Re: [Image] How to identify images in an RDF context from Richard Newman on 2005-02-10 (semantic-web@w3.org from February 2005)

From: Richard Newman <r.newman@reading.ac.uk>
Date: Thu, 10 Feb 2005 00:07:57 +0000
To: Karl Dubost <karl@w3.org>
Cc: semantic-web@w3.org
Message-Id: <7e82c9fece8935085f6b2f10e607e7c7@reading.ac.uk>
Karl,
   I've had a few thoughts on this (some of which have percolated into 
my iPhoto RDF exporter[1], but by no means all! I should do some more 
work on that...). I'll reply in-line.

[1] <http://www.holygoat.co.uk/applications/iphoto-rdf/iphoto-rdf>

On Feb 9, 2005, at 21:46, Karl Dubost wrote:
> a. Is the good strategy one RDF file for one image? or an EXIF file? 
> and an geo file? and a description file?

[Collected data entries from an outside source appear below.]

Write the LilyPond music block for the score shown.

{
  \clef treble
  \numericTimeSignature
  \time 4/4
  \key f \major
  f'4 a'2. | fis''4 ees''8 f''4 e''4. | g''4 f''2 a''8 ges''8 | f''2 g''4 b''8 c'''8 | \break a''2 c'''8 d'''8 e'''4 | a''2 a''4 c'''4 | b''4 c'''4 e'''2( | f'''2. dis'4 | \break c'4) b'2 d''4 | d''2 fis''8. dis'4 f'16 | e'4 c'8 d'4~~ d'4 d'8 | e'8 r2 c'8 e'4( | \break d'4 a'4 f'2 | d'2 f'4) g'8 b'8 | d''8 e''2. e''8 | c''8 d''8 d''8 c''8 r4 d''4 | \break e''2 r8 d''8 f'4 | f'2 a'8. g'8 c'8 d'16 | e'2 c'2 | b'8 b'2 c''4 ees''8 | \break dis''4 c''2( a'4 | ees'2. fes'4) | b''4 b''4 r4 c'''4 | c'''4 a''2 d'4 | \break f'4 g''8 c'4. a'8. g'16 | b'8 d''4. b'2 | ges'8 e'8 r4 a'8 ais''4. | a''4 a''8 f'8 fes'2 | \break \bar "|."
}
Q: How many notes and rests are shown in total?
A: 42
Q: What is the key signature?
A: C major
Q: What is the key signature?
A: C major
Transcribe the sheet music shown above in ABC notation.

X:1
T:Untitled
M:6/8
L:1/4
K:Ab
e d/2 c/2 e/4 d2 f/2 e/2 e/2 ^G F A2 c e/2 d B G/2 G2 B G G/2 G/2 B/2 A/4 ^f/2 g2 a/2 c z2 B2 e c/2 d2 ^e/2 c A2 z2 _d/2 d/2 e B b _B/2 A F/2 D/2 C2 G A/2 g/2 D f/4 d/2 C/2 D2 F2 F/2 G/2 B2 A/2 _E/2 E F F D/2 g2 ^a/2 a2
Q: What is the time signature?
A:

I'm not convinced that it matters. I'd expect it all to go into a 
store, really, but you could also separate 'factual' from user-centric 
data (EXIF vs. rating, for example).

> b. How do I identify the image ? a urn (which kind?) or an http uri?
> 	<http://example.org/photo/2005/02/06/foo.jpg> even if the image is 
> not online.

If the EXIF contains a precise date, that's possible, but you would 
need some way of mapping back to a file somewhere. I made up a scheme 
that uses iPhoto's unique IDs, but some URN based on a timestamp might 
be better. Giving it a URI would only work if you (or rather, the user 
of the software) has a prefix that they control. Tough one, that. See 
later answers for more.

> c. Images are between 1 and 3 Mo each, I keep them on DVDs or external 
> hard drive.
> 	Can I use the previous identifier?

I would hope so, though the mapping between URI and a file to load may 
be more complex than you would like! I'd prefer to see a more complex 
schema (see answer to next question).

> d. I have many versions of the same image.
> 	* Original Image (2000 x 3000 px)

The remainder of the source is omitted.